Basically, I still want exceptions to be loud. I still want the red error with the stacktrace to be printed out to the logs when I am running tests. I still want errors to get reported to an error reporting service while the app is running in production. What are some good options for this?

Thanks!

If this is a supervised GenServer, it would be restarted if it crashed for any reason. You are also only doing casts, which means it is all done synchronously (the caller waits for the result), meaning that you won’t lose anything if the GenServer gets restarted.

Also, without knowing your requirements, I’m not really sure what this buys you over just a normal module/function interface. If you have a lot of processes trying to use this GenServer at the same time, it will actually be a bottleneck. Especially if it gets used for longer tasks/calculations.

Thanks for the feedback.

The reason for the GenServer is to guarantee serial execution. For example, we have an accounting/billing service where things must be processed FIFO. If I fire off 5 things, executing them in parallel would result in incorrect data.

The GenServer call time in our situation is small compared to the overall time. For example, a typical execution might take 10ms vs. the cost of a call/cast.

The GenServer is supervised, but if it’s restarted, wouldn’t I lose mailbox the messages?

How about doing the execution in another process? It is not uncommon to do this for things that can fail. Your GenServer spawns and waits for the result from the execution. It also monitors the newly spawned process for failures. The execute are still synchronized, the monitoring GenServer will not fail and continues with the other cases even if one fails.

I’m not sure what sort of error logging you are looking for when something crashes but perhaps if the execution is done according to OTP standards (either a GenServer or a process started with proc_lib) I think you may get SASL logging which Logger may pick up.

3 Likes

Thanks @cmkarlsson I really like this idea. I’ll look more into this approach. Or perhaps there’s a way for my process to log the error directly in the catch clause?

I wasn’t aware that the Logger was responsible for capturing errors.

It is the OTP SASL application that takes care of logging crashed OTP processes. Logger can capture these and output in elixir format. You have to configure it to handle_otp_reports and handle_sasl_reports for this to happen though. These options redirects the erlang logger to Logger.

Well you should always be able to log them but they will pass the testing though as you are catching the errors.

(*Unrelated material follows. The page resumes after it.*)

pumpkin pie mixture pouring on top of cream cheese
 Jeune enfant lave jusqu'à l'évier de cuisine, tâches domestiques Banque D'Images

Your test should check for a failed execution. The resp from your handle_call could be {:ok, val} or {:error, reason} then your test will fail if execute fails.

Your normal logging through something like Logger should handle this? I assume error reporting is just a configurable Logger handle so if you do something like Logger.error shouldn’t that still work?

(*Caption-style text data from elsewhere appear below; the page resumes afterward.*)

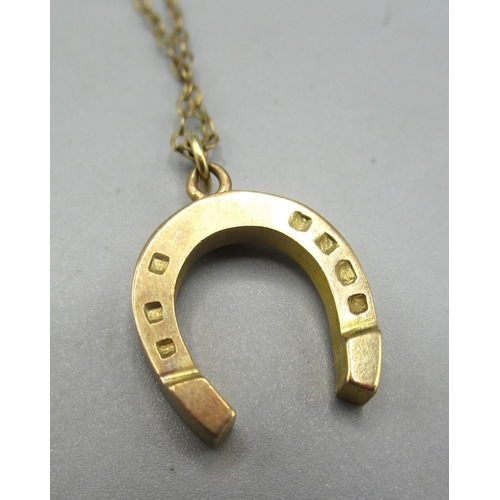 10 - 9ct yellow gold horseshoe pendant on 9ct gold chain, stamped 375 and 9ct, 3.77g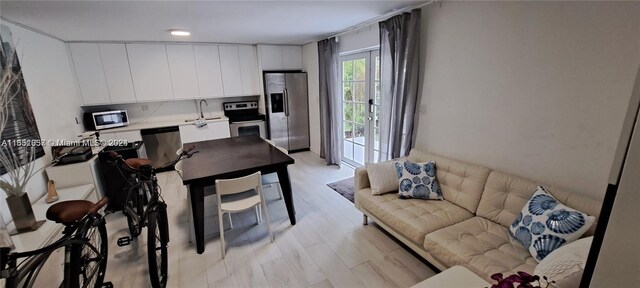 846 Michigan Ave Unit 101, Miami Beach, FL 33139 - living area with light wood-type flooring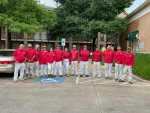 Group of 13 painters in red shirts and white pants posing outdoors near a tree and parked cars.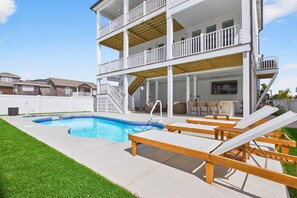 Une maison à deux étages avec une piscine, des chaises longues et un patio couvert.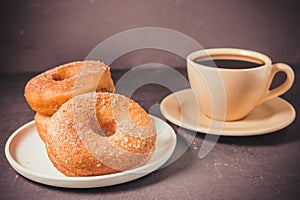 Doughnuts in a plate and a cup of black coffee. Selective focus. Dark background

You can log the error directly like this:

try do
  # ...
catch
  type, error ->
    Logger.error(Exception.format(type, error, __STACKTRACE__))
end

That said, I agree with @cmkarlsson’s proposal. If you want to ensure that “execution” doesn’t take the GenServer down, doing it in a separate process would give you the strongest guarantees of that.

2 Likes

Thanks I will go the route of isolating each execution into its own process. Not only do the guarantees make sense, but it also does look like it will plays well with the rest of the system. A real exception is actually raised so it will get tracked and printed out properly.

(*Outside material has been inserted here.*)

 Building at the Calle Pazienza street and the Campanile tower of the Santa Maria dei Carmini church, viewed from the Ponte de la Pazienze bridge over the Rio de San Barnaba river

I am having trouble figuring out which OTP building blocks to use. As I understand GenServer.call and Task.await will both bring down the calling process.

I was tempted to use trap_exit but then read the following in the Task.async docs:

Setting :trap_exit to true - trapping exits should be used only in special circumstances as it would make your process immune to not only exits from the task but from any other processes.

Do I need to use something like GenServer.cast and reply manually? Or is it acceptable in this case to set trap_exit to true?